P.Mean: Venn diagrams with proportional areas (created 2008-09-23).

I was asked by someone to come up with a graphic summary of a data set that includes three binary factors that can be either present or absent in any combination. Typically this can be illustrated with a Venn diagram, the intersection of three circles but I wondered if you could do a Venn diagram with areas proportion to the actual probabilities.

Wikipedia has a nice picture of a Venn diagram at en.wikipedia.org/wiki/Image:Venn_diagram_cmyk.svg.

This diagram has all the circles of equal size. I wanted to make the circles larger for the larger probabilities and smaller for the smaller probabilities and I wanted to where all the circles are equal. I wanted to make the various intesected areas proportions to the probabilities of various intersections.

There's a nice website that will draw a proportional Venn diagram using circles, but it admits that the solution is only approximate.

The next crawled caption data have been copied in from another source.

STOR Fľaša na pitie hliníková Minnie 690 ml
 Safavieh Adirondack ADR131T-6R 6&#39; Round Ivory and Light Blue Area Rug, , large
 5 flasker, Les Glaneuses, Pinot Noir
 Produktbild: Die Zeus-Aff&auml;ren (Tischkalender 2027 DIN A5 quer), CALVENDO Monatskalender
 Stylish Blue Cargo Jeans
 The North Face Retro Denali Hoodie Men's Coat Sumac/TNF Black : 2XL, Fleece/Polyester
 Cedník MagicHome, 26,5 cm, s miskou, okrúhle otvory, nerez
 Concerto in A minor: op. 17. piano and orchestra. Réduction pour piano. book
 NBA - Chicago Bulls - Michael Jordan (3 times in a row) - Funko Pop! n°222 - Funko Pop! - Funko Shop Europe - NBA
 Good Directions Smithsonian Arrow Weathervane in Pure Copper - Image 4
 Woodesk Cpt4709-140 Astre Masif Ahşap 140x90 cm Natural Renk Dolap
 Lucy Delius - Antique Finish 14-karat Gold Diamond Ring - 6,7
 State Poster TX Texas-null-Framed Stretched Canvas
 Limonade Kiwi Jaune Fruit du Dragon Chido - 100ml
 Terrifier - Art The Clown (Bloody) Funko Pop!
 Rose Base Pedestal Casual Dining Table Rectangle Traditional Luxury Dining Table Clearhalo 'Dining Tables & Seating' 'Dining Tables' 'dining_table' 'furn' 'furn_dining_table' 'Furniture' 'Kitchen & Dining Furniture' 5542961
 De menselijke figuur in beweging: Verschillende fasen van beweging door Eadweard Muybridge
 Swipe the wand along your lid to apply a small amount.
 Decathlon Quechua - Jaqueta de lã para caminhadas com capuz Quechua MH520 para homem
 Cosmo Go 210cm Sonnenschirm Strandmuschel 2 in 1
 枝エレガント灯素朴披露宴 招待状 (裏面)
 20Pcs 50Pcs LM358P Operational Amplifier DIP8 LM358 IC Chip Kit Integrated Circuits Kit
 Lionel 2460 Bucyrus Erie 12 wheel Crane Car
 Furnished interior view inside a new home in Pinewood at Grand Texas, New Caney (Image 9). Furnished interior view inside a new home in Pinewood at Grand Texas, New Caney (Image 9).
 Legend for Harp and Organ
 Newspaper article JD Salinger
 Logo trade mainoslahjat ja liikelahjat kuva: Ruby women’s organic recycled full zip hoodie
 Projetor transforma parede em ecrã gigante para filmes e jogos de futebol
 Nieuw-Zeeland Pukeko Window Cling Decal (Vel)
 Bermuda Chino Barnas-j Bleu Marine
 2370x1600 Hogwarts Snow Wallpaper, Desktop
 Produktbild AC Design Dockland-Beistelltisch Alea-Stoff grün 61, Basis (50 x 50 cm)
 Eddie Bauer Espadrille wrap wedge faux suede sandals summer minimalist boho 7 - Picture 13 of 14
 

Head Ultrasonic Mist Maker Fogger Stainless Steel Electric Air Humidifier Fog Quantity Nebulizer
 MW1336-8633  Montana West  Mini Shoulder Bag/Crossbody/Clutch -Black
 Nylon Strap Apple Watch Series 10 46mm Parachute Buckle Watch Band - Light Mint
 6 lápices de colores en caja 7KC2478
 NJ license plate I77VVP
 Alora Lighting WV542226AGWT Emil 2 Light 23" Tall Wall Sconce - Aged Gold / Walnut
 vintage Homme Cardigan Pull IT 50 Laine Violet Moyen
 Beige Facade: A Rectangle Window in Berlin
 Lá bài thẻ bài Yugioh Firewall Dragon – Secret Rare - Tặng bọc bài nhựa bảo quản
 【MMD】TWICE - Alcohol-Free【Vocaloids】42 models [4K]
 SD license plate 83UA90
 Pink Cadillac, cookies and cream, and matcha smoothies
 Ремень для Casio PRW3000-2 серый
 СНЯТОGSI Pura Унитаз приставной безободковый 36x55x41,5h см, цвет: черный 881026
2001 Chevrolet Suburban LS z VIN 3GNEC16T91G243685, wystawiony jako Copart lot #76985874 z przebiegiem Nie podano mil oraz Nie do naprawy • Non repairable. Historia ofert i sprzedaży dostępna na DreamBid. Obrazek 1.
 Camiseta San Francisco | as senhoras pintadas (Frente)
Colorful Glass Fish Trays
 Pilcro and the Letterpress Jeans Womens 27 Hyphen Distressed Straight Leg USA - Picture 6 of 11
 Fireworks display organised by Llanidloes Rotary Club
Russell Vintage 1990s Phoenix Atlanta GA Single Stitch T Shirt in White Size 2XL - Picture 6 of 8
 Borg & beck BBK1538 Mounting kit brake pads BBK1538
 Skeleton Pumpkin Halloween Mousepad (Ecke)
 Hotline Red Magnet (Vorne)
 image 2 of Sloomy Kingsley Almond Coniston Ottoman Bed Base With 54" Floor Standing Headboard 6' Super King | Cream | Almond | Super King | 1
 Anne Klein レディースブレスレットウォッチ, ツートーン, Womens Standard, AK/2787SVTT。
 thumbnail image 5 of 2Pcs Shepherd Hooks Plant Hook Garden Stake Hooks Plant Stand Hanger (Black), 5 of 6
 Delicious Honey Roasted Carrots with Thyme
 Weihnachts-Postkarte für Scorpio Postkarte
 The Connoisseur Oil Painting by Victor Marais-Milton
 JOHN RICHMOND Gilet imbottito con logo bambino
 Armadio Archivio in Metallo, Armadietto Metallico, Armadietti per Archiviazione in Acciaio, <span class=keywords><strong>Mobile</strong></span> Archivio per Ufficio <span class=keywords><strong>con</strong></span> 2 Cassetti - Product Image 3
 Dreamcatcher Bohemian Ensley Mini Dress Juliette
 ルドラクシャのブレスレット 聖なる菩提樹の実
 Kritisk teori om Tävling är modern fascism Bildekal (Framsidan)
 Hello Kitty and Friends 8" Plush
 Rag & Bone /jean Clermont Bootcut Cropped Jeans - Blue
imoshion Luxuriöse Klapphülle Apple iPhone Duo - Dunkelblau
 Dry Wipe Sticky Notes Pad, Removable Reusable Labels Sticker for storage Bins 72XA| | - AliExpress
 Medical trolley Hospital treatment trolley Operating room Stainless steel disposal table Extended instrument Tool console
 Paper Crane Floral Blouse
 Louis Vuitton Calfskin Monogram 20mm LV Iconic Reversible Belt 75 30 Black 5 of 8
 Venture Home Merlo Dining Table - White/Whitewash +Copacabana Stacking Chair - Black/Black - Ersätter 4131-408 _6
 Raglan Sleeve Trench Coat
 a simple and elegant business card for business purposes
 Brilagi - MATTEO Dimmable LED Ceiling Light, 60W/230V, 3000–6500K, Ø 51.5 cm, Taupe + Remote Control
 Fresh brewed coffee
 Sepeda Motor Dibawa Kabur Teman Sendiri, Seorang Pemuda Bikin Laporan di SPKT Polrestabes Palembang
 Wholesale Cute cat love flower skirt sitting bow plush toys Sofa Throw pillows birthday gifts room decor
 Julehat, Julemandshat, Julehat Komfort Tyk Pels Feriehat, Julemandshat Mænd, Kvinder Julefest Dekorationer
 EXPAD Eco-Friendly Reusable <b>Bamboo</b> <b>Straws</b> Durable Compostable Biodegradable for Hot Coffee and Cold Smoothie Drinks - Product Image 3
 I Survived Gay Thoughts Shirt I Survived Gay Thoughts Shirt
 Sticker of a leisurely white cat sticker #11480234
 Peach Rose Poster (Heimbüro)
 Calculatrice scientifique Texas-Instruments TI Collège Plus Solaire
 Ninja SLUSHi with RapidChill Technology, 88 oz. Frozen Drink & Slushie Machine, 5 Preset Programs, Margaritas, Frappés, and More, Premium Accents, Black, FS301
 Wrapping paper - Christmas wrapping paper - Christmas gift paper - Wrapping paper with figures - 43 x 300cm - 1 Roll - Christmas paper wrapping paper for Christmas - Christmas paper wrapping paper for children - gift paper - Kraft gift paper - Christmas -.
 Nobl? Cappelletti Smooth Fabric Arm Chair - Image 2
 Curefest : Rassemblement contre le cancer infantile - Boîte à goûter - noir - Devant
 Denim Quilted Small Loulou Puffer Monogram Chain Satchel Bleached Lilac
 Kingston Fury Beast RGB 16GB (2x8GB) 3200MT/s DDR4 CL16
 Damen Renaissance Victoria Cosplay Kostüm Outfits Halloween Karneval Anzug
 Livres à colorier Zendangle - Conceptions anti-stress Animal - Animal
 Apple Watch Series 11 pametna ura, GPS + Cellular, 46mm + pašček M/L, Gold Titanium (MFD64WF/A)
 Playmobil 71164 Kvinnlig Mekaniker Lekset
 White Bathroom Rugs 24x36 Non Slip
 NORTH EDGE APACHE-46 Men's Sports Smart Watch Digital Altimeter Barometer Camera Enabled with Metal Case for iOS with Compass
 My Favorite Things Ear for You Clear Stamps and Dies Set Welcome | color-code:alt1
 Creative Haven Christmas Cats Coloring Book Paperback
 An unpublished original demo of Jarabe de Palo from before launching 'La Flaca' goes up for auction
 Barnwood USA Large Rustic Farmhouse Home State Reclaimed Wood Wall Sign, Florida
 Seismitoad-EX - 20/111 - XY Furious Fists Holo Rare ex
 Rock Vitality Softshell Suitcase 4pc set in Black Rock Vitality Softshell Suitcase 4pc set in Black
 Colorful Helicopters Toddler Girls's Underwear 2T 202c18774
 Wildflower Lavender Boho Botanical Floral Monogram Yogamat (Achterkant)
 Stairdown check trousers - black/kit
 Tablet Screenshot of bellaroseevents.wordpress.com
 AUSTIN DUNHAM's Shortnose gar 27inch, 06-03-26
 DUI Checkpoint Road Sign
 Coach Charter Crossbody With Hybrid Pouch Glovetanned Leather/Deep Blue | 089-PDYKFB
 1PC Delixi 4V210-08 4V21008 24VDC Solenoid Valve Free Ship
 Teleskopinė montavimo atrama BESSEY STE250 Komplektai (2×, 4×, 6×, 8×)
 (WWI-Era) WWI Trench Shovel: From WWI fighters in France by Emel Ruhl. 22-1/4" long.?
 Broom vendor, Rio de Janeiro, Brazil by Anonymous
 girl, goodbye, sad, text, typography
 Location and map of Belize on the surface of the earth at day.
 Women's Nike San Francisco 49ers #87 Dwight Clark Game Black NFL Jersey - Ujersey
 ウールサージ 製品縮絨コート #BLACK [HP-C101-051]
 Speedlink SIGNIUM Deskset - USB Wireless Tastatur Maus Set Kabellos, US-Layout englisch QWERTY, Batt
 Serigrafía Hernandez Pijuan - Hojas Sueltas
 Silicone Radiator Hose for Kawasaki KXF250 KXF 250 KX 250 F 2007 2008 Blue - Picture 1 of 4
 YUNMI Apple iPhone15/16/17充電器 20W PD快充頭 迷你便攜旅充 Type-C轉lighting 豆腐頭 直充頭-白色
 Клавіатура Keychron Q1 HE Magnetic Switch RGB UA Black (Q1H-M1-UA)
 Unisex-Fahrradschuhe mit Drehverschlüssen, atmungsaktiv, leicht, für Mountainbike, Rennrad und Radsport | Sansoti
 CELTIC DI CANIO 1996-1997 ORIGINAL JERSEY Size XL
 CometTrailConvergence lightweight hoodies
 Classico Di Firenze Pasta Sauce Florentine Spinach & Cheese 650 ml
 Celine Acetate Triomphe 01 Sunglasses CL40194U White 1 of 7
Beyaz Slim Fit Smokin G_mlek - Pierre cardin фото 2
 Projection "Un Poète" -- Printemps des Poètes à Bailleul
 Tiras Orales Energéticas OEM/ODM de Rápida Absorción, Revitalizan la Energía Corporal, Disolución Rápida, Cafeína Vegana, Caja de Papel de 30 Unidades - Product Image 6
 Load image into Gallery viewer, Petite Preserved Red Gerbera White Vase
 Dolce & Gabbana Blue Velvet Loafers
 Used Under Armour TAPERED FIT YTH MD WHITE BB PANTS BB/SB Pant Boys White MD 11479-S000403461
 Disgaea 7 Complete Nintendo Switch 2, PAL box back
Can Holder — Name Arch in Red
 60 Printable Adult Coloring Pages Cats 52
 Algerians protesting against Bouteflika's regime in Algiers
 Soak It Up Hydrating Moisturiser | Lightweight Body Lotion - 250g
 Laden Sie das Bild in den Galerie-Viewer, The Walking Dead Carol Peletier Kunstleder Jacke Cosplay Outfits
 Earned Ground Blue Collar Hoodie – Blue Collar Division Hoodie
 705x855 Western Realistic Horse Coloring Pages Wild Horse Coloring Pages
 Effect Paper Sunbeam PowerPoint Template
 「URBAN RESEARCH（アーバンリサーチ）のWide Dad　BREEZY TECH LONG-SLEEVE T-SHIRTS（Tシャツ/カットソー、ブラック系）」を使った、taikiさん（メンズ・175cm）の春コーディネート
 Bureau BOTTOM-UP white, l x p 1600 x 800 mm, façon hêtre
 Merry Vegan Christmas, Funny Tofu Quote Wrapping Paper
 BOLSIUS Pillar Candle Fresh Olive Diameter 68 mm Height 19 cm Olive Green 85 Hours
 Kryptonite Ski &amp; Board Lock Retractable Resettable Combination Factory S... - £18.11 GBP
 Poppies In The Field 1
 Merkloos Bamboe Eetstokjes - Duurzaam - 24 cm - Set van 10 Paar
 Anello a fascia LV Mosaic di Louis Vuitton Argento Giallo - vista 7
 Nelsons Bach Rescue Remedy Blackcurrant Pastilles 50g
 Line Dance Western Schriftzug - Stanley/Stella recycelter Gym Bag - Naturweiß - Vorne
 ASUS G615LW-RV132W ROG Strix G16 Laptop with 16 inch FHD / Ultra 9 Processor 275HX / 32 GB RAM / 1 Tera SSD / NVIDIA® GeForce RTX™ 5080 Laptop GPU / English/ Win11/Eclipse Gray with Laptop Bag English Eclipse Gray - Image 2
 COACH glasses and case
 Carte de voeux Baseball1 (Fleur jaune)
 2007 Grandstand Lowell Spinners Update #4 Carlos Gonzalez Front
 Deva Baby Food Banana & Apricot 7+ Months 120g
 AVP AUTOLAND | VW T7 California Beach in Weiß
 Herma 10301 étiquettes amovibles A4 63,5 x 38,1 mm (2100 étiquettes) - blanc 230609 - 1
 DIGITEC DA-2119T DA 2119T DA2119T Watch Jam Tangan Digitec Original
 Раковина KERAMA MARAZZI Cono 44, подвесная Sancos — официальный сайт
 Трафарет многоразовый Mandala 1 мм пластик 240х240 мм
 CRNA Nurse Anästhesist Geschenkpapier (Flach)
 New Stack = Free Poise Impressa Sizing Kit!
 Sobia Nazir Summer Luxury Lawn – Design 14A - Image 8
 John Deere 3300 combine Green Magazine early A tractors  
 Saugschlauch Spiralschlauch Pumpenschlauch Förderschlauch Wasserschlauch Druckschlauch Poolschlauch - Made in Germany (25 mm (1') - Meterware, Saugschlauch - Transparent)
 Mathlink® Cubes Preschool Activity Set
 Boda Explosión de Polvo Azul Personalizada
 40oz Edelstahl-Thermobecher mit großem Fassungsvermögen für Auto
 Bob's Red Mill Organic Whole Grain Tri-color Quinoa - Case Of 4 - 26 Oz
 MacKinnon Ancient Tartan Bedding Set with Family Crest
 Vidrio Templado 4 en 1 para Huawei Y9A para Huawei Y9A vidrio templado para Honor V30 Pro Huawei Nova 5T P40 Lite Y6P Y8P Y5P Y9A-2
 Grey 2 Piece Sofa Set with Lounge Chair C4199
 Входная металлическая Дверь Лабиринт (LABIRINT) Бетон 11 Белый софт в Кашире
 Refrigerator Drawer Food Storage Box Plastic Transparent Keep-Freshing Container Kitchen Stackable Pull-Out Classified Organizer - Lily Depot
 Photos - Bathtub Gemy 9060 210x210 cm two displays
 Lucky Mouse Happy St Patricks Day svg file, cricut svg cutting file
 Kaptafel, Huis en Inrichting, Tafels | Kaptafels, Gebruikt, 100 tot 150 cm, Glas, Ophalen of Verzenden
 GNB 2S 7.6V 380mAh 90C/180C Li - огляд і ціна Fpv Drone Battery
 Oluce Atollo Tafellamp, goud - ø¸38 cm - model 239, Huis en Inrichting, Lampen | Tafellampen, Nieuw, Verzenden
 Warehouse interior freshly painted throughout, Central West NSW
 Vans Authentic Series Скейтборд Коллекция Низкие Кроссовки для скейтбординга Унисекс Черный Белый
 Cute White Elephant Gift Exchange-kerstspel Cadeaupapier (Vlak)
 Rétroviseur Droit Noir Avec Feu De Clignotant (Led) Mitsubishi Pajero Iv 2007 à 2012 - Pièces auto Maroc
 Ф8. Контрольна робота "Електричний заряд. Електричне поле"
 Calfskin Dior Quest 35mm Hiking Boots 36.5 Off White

This is a Java applet at www.cs.kent.ac.uk/people/staff/pjr/EulerVennCircles/EulerVennApplet.html

It appears to choke on this particular problem because the three way intersection is empty. Still it appears to do reasonably well with some of the other problems I've tried it with.

It just about killed me to do it, but I figured out how to use two squares and a tilted rectangle for a simple case.

If A, B, and C represent the presence of the three factors and a, b, and c represent the absence of the three factors, then you can write eight different conditions (abc, Abc, aBc, ABc, abC, AbC, aBC, ABC). Some people will drop the lower case letters and list seven regions (A, B, AB, C, AC, BC, ABC) with an implicit eighth region equal to the remainder of the probability.

The probabilities are abc = 38%, Abc =18%, aBc =24%, ABc =15%, abC = 3%, AbC = 1% aBC = 1% # ABC= 0%. The approach I used is not very general. If it works at all, it will only be when the individual probabilities are small.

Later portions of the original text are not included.